EK | Was hat Sie dazu gebracht, Medizin, insbesondere anthroposophische Medizin zu studieren?

KM | In der Altenpflege erlebte ich die Grenzen selbstständigen Handelns immer mehr und zugleich wuchs das Interesse an den gesundheitlichen Problemen der alten Menschen. So kam der Entschluss, durch ein Medizinstudium eigenverantwortlich handlungsfähig zu werden. Der Anthroposophie stand ich schon durch mein Elternhaus nahe, sie weckte früh mein Interesse und so müsste man mich eher fragen, ob ich mir Medizin oder überhaupt ein Leben ohne Anthroposophie vorstellen könnte. Und nein, das könnte ich nicht.

EK | Verändert die anthroposophische Perspektive den medizinischen Blick?

KM | Ja, unbedingt! Sie bereichert, vertieft und beschenkt die Wahrnehmungs- und Handlungsmöglichkeiten grandios. Ich erlebe die Anthroposophie und die anthroposophische Menschenkunde als schier unerschöpfliche Quelle für eine erweiterte Diagnostik und Therapie.

EK | ... und inwieweit insbesondere auf das Corona-Geschehen?

KM | In Bezug auf die Corona-Erkrankung konnte ich als Kinderärztin bisher diagnostisch und therapeutisch keine Erfahrungen sammeln. Ich habe nur wenige Telefonberatungen für Familien mit CoViD-19-Erkrankungen gemacht. Keine Kinder und Jugendlichen mussten damit vorstellig oder gar bei uns stationär aufgenommen werden. Mein anthroposophischer Blick hat mich hier nur früh sehr kritisch auf den Umgang mit den Maßnahmen im Kindes- und Jugendalter schauen lassen. Was wir unter gesunden Entwicklungsbedingungen verstehen, wurde und wird leider noch immer mit Füssen getreten!

EK | Was beobachten Sie an Kindern und Jugendlichen in der Klinik, in ihrer Praxis sowie in den Schulen und Kindergärten unter den Bedingungen von Corona?

KM | In meiner Schule durfte ich – wie die Kinder – seit Beginn der Corona-Krise viel zu wenig sein. Das Kennenlernen der neuen Erstklässler in einer Spielstunde wurde in maskierte Einzelaufnahmen verwandelt. Auch wenn die Kinder keine Masken trugen, waren die Situationen viel distanzierter, die Wahrnehmungen deutlich beschränkt. In der Zeit, in der auch Erstklässler Masken trugen, erlebte ich die Kinder völlig überfordert mit dem adäquaten Umgang und sozial-emotional schwer beeinträchtigt. Je länger die Krise andauert, desto mehr erlebe ich auch Jugendliche und junge Erwachsene frustriert, psychisch beeinträchtigt oder gar erkrankt. Eine Einladung ins Leben sollte anders aussehen!
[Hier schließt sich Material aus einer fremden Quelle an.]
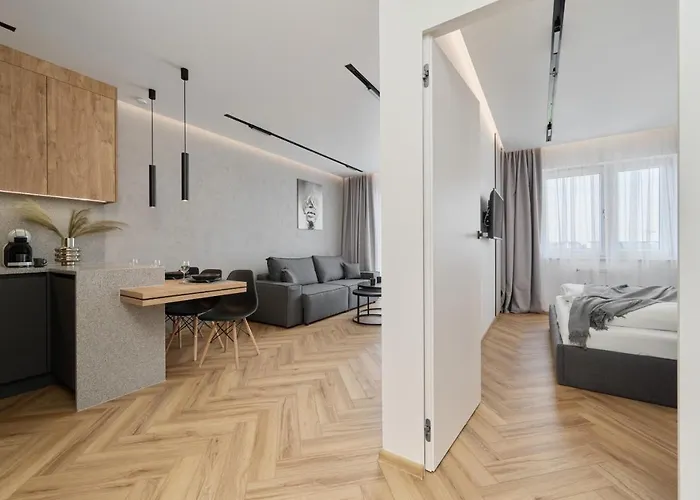 Exclusive With Balcony & Parking By Renters Prestige Wroclaw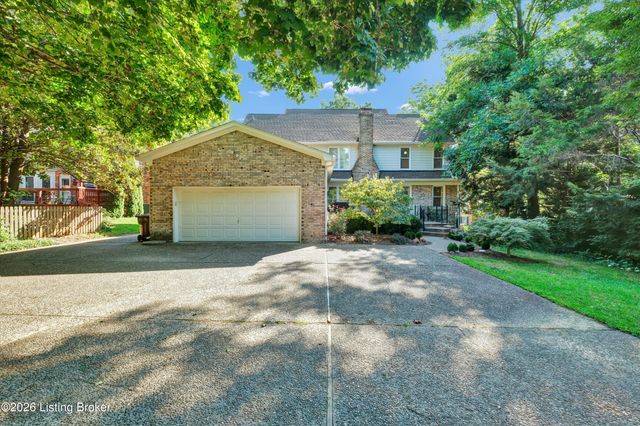 802 Foxgate Rd, Louisville, KY 40223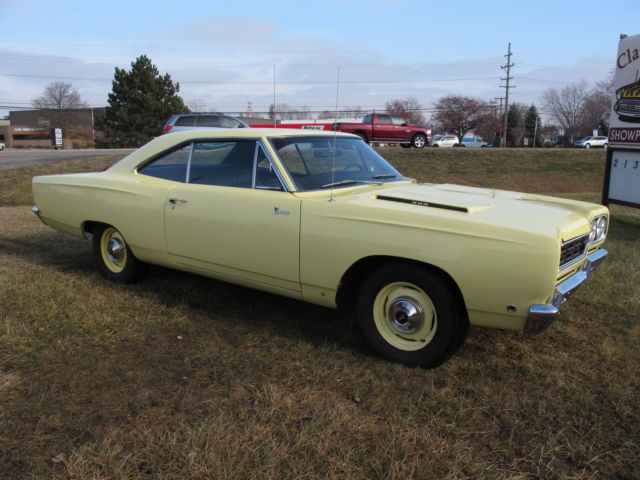 1968 Plymouth Road Runner Tribute - "Turn Key" - 383 CID 4bbl Engine - Automatic 1968 Plymouth Road Runner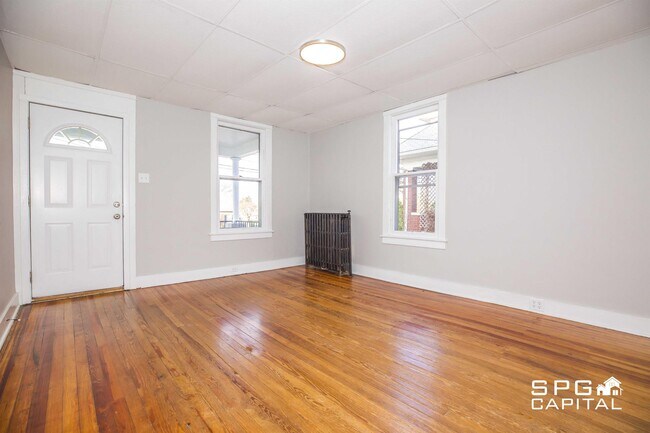 Foto del edificio - 529 E King St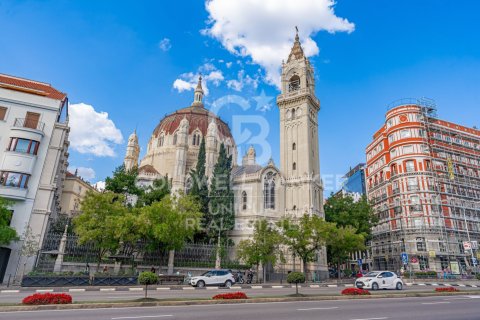 Huoneisto myytävänä Madrid, Espanja, 4 makuuhuonetta, 419 m2 No. 160053 - kuva 7
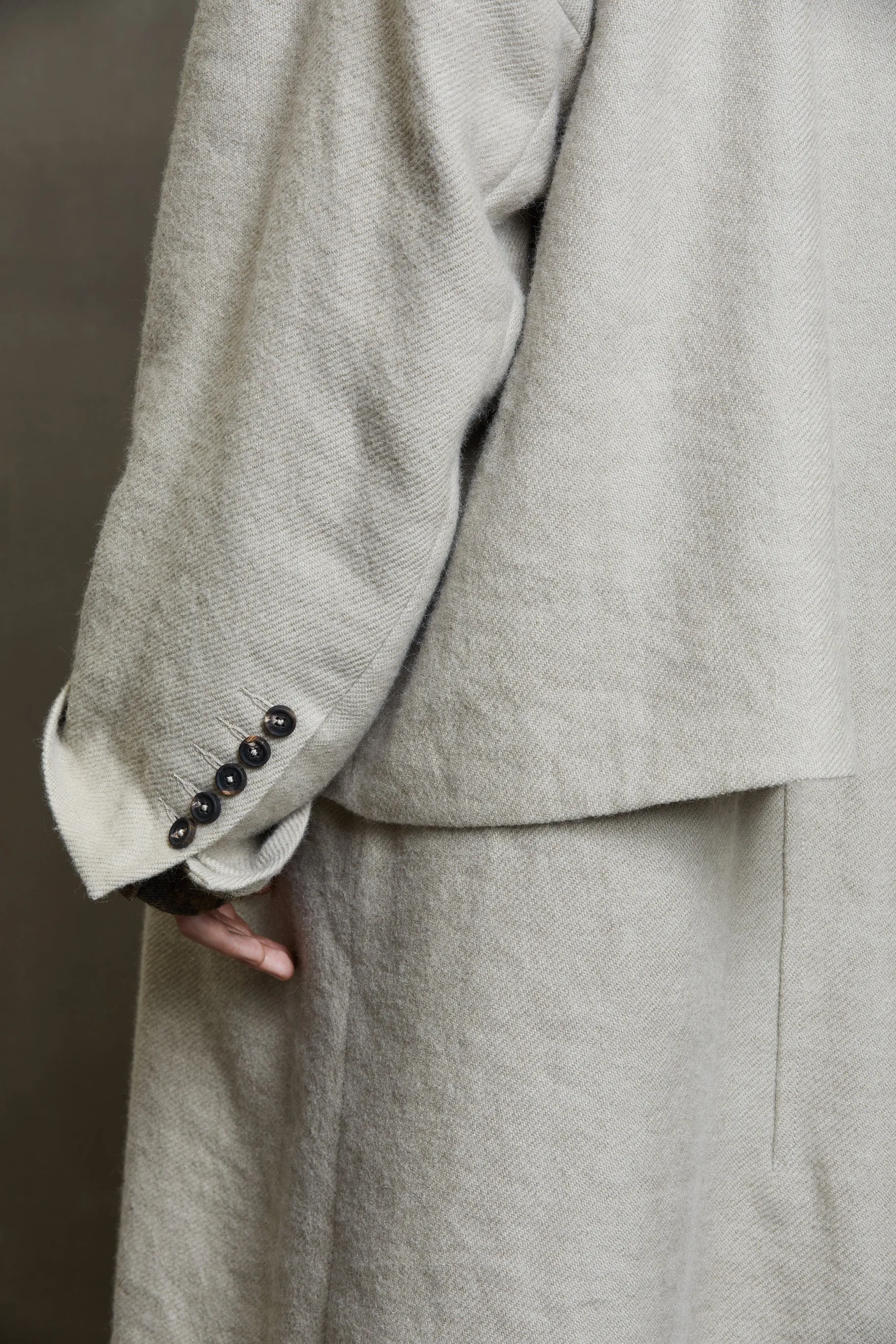 DOUBLE LAYER OVERCOAT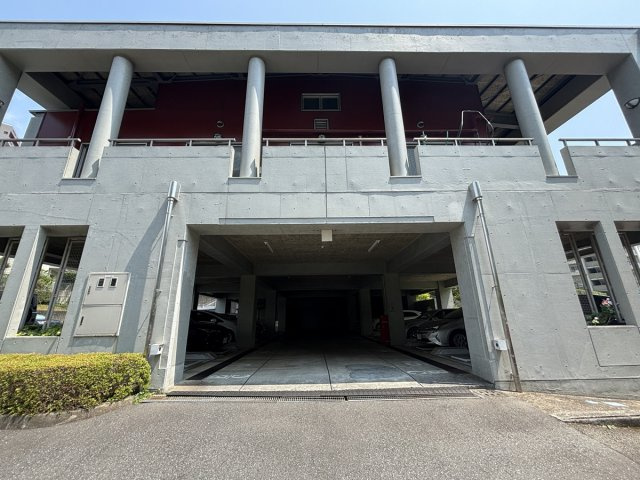 敷地内には平面＋機械式駐車場がございます。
EK | Sie lehren an der Freien Hochschule Stuttgart. Was ist Ihre zentrale Botschaft an die Studierenden?

KM | Wichtig ist mir das Thema »Erziehung als Heilmittel« und dass Lehrer zuerst mit sich selbst achtsam umgehen müssen, damit sie im Sinne des pädagogischen Gesetzes gesundend auf ihre Schützlinge wirken.

EK | Warum ist es aktuell noch notwendig, pädagogisch und medizinisch-therapeutisch auf die Corona-Maßnahmen zu reagieren, da wir doch alle wieder in die Normalität zurückzukehren scheinen.

KM | Die alte Normalität wird es nicht mehr geben. Und wir haben eine enorme psychische Krankheitslast auf die Schultern unserer Kinder gelegt, die zu heilen noch eine medizinisch-pädagogische Mammut-Aufgabe für viele Jahre darstellt.

EK | Es ist für das kommende Jahr die Eröffnung eines Von-Tessin-Zentrums für Gesundheit und Pädagogik an der Freien Hochschule in Stuttgart geplant. Was ist seine Aufgabe?

KM | Die Erde ist, medizinisch gesprochen, in einem kritischen Zustand und wir mit ihr. Es wurde durch Corona noch deutlicher, wie sehr Rudolf Steiner recht hatte, als er vor 100 Jahren prophezeite: »Die Kultur wird immer ungesunder werden, und die Menschen werden immer mehr und mehr aus dem Erziehungsprozess einen Heilungsprozess zu machen haben gegen dasjenige, was in der Umgebung krank macht. Darüber darf man sich keinen Illusionen hingeben.« (GA 294, S. 138)

Der heilsamen Erziehung und der Heilung von Mensch und Umwelt wollen wir uns widmen.